Tag: planning

House prices are always a good signal for the strength or direction of the economy. While there will always be certain areas that are more sought after than others and such differences will be reflected in relative house prices, the regional divide that we currently see in the UK is quite astonishing.

Prior to the financial crisis, house prices had been rising across the county, but in the year following the financial crisis, they declined by 19 per cent. It was only in 2013, when prices began to increase and, perhaps more importantly, when the variation in regional house prices began to increase significantly. In mid-2014, the UK’s annual house price inflation rate was 11.7 per cent, but the rates in London and the South East were 19.1 and 12.2 per cent, respectively. Elsewhere in the UK, the average rate was 7.9 per cent.

These regional differences have continued and figures show that the current differential between the cheapest and most expensive regional average house price is now over £350,000. In particular, data from the Land Registry shows that the average house price in London is £458,283, while in the North East, it is only £97,974.

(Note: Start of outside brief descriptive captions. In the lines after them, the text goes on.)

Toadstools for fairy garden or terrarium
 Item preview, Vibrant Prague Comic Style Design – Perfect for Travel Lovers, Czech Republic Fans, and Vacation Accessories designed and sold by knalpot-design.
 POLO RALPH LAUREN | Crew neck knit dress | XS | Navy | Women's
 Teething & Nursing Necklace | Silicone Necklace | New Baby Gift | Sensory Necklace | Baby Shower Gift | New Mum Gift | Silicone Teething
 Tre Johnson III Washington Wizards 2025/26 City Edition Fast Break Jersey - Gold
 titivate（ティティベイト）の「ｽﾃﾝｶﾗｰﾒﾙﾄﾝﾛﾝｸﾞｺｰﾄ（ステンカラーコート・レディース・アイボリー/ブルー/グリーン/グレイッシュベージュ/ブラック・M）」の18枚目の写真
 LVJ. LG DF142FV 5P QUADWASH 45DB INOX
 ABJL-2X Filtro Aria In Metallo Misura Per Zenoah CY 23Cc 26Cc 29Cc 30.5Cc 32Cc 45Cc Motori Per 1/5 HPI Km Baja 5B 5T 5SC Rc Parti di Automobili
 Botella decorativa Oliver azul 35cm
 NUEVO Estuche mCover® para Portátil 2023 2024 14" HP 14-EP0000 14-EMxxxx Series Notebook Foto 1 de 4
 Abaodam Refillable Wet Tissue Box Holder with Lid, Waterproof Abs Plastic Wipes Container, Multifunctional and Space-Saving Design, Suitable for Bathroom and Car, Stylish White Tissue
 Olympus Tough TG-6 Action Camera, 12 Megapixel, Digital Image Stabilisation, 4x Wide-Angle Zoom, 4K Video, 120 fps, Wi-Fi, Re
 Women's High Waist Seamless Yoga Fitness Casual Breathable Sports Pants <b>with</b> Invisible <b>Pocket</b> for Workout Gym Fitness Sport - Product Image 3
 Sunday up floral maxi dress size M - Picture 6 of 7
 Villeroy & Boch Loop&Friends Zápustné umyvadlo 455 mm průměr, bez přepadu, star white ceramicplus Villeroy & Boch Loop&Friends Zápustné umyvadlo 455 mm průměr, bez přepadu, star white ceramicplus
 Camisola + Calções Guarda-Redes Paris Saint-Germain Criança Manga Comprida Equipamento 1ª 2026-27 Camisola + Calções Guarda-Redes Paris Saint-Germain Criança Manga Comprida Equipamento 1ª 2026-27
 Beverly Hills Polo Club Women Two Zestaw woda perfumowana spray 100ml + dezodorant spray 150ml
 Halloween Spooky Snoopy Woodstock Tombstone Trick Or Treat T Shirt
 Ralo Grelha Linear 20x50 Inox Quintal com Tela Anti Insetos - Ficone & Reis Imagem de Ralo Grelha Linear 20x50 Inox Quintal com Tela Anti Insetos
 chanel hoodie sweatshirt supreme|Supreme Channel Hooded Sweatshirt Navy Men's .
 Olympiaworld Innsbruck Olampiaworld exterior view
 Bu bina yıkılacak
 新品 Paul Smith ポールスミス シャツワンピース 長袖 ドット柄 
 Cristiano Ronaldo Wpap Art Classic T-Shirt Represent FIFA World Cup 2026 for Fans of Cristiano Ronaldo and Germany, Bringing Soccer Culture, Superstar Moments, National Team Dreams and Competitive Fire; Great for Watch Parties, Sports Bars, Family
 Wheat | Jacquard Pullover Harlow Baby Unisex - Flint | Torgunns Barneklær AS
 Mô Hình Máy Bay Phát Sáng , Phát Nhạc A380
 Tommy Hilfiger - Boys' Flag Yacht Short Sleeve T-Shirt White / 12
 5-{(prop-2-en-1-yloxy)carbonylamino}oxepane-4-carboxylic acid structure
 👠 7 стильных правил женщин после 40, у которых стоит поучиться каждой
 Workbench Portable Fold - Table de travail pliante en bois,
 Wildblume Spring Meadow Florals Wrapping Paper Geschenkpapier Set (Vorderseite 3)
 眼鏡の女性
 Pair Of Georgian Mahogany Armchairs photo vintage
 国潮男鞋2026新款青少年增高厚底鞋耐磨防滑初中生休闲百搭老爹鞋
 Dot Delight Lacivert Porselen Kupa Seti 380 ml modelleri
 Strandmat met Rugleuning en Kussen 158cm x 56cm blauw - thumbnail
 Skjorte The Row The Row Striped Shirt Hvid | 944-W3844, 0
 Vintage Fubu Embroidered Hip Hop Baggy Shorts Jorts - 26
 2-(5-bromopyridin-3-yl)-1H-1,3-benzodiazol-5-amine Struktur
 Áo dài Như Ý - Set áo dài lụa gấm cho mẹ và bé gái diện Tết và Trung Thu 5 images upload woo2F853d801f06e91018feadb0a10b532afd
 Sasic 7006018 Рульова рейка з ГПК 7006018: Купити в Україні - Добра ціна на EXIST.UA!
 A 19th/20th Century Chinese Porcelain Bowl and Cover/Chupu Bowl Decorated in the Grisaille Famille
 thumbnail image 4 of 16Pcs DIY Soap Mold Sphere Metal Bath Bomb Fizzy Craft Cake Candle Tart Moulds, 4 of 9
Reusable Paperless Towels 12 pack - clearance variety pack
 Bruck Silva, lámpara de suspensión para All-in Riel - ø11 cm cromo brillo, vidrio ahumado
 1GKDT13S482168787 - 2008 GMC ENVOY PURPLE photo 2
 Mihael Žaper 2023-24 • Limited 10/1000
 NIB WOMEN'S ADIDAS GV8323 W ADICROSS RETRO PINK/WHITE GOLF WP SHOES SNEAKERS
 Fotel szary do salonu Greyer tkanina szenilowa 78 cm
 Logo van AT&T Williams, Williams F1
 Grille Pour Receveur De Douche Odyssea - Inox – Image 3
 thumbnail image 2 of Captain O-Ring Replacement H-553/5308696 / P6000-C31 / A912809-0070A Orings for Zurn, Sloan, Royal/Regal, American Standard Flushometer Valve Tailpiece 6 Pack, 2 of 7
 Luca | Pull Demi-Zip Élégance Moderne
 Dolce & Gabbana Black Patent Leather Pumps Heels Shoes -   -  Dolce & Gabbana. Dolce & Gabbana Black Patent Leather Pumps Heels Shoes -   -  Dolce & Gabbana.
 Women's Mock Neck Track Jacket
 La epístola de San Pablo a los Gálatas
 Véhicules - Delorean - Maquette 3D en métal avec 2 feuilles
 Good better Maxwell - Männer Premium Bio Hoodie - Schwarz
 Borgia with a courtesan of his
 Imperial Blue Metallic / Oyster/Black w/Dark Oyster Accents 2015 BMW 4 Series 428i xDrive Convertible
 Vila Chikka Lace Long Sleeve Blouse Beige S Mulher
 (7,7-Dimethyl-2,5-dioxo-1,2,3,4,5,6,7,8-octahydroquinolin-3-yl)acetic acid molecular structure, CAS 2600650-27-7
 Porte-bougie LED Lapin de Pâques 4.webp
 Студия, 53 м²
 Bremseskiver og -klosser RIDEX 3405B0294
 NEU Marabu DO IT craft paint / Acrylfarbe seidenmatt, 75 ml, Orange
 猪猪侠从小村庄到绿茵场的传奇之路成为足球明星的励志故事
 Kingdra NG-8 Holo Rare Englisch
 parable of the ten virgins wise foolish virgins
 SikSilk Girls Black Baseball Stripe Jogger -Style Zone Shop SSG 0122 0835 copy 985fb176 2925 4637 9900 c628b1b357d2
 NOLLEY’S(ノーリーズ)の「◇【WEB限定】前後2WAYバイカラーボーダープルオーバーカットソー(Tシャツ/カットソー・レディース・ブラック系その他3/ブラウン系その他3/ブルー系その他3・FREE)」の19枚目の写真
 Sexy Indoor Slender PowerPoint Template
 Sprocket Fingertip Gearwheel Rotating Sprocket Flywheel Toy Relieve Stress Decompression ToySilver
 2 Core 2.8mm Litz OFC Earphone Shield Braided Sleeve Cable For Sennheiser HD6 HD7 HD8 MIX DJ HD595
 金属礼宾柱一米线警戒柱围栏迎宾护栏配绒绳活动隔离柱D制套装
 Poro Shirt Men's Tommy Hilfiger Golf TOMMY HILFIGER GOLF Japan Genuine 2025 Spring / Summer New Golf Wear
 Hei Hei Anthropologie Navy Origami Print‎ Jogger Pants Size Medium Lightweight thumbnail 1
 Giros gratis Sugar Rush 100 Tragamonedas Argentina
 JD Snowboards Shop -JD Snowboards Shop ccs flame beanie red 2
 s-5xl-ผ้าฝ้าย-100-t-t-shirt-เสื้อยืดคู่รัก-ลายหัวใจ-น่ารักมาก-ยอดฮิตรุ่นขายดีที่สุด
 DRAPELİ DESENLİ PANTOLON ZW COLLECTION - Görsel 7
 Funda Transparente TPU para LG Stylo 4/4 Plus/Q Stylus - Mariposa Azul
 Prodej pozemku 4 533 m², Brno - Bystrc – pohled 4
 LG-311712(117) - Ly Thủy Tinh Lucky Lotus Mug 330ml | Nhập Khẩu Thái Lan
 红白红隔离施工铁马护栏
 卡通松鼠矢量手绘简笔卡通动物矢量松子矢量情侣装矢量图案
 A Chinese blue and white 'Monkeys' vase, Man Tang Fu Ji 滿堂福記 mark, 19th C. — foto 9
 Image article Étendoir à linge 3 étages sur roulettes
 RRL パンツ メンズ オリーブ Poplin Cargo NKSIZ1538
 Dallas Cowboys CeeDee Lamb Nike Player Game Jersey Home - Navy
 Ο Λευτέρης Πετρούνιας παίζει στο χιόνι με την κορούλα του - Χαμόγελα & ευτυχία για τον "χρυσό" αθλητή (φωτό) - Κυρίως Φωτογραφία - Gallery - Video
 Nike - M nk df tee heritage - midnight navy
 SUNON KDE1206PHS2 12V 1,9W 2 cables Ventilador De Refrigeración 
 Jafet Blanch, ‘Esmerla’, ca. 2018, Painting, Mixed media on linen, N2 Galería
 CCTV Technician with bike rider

Those people who own a house in London have benefited from such high house prices, in many cases finding that their equity in their house has grown significantly. Furthermore, any home-owners selling their house in London and moving elsewhere are benefiting from lower house prices outside London.

However, most first-time buyers looking for a house in London are being competed out of the market, finding themselves unable to gain a mortgage and deposit for the amount that they require. The opposite is, of course, happening in other parts of the country. First-time buyers are more able to enter the property market, but home-owners are finding that they have much less equity in their house.

This has also caused other problems, in particular in the labour market. Workers who are moving to jobs in London are finding the house price differentials problematic. Although wage rates are often higher in London than in other parts of the country, the house price differential is significantly bigger. This means that if someone is offered a job in London, they may find it impossible to find a house of similar size in London compared to where they had been. After all, an average family home in the North East can be purchased for under £100,000, whereas an average family home in London will cost almost £500,000.

The housing market is problematic because of particular characteristics.

Supply tends to be relatively fixed, as it can take a long time to build new houses and hence to boost supply. Furthermore, the UK has a relatively dense population, with limited available land, and so planning restrictions have to be kept quite tight, which is another reason why supply can be difficult to increase.

On the demand-side, we are seeing a change in demographics, with more single-person households; people living longer; second home purchases and many other factors. These things tend to push up demand and, with restricted supply, house prices rise. Furthermore, with certain areas being particularly sought after, perhaps due to greater job availability, ease of commuting, schools, etc., house price differentials can be significant.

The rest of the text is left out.